Pierre Poilievre ended with a tally of 40,548 votes as the overall vote percentage was recorded at 58.82.

Pierre Poilievre. / X/@PierrePoilievre

Conservative Party Leader Pierre Poilievre is headed back to the House of Commons after becoming the projected winner of the Battle River–Crowfoot federal byelection. He received a little more than 80 per cent of the total votes cast.

Against 53,684 votes polled by Damien Kurek in the 2025 general elections, Pierre Poilievre ended with a tally of 40,548  votes as the overall vote percentage was recorded at 58.82 (based on results of 285 of 286 segments in the riding).

It was a crowded race, with 214 candidates registered in the rural riding, the vast majority of them part of a protest group calling for electoral reform.

Interestingly, of more than 200 Independents in the fray, Bonnie Critchley (5013), finished second as Darcy Spady of the ruling Liberals was a poor third and Katherine Swampy of the NDP fourth. Only 17 of the 214 candidates could register votes in double figures. Others to get 10 or more votes included Grant Abraham (United), Jonathan Bridges (People’s Party), Ashley MacDonald (Green),  Michael Harris (Libertarian), Jeff Willerton (Christian Heritage), Sarah Spanier (Independent),  Kenneth Kirk (Marijuana), Ahmed Hassan (Centrist), Jenny Cartwright, Bert William  Westergard, Breccan Zimmer,  Dillon Anderson, and Jasan Buzzell (all Independents). Yagya Parihar, a candidate of Indian origin, polled two votes.

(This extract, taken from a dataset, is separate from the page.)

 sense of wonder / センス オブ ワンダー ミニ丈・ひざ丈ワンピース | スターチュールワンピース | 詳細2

In the last general elections, Liberal candidate Brent Sutton had finished runner-up with 7566 votes, while this time  Darcy Spady finished third, failing to reach the double-figure mark with  2174  votes (4.3 per cent).

The byelection was held after Conservative MP Damien Kurek, who represented the riding, resigned so that Poilievre could run in the Conservative stronghold and gain a seat in the House of Commons. Damien had polled 41,819 votes in 2021 and 53,684 in April 2025.

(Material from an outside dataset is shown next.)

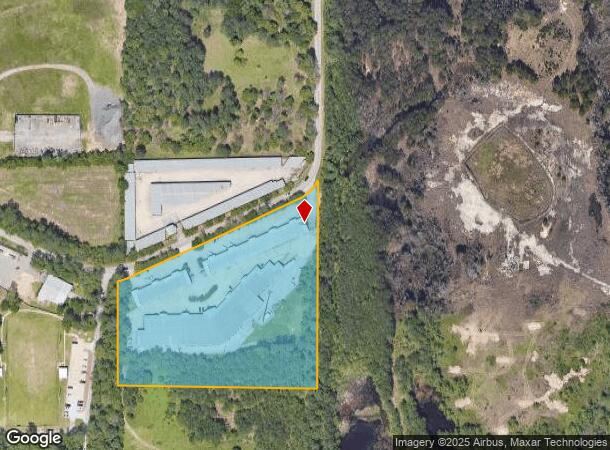 1001 Pruitt Rd, Spring, TX Parcel Map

Poilievre lost his Ottawa-area riding of Carleton, which he had held for more than two decades, in the April 28 election. Liberal candidate Bruce Fanjoy won the riding by more than 4,500 votes.

Following the election, Poilievre held that his loss in Carleton was due to his stated plans to reduce the size of the federal government, which could have proven unpopular with the many government workers in the riding.

Kurek, who had held Battle River–Crowfoot since 2019, officially resigned his seat on June 17, after which Prime Minister Mark Carney called the byelection. Carney had said that he would call the byelection as soon as possible, and that there would be “no games.”

With Parliament returning in September, Carney and Poilievre would face each other in the House for the first time.

Kurek said it had been “nothing short of a privilege” to serve the people of the riding, and he looked forward to supporting Poilievre in the race and then “running here again in the next general election.”

While Conservative MP Andrew Scheer has been serving as leader of the Opposition in the House of Commons, Poilievre spent several months campaigning in communities in Battle River–Crowfoot, much of the time alongside Kurek.

The Alberta riding was targeted by the Longest Ballot Committee (LBC) protest movement, which is the same organisation that targeted Poilievre’s former riding of Carleton and resulted in 91 names being on the ballot. The LBC is demanding that Canada change its first-past-the-post election system to a proportional representation system.

With a record number of candidates running in the Battle River–Crowfoot byelection, Elections Canada announced in late June that the vote would use a special ballot requiring voters to write in the name of their chosen candidate, instead of marking a standard list of names.

It further said that votes for candidates were counted even if their names were spelt incorrectly.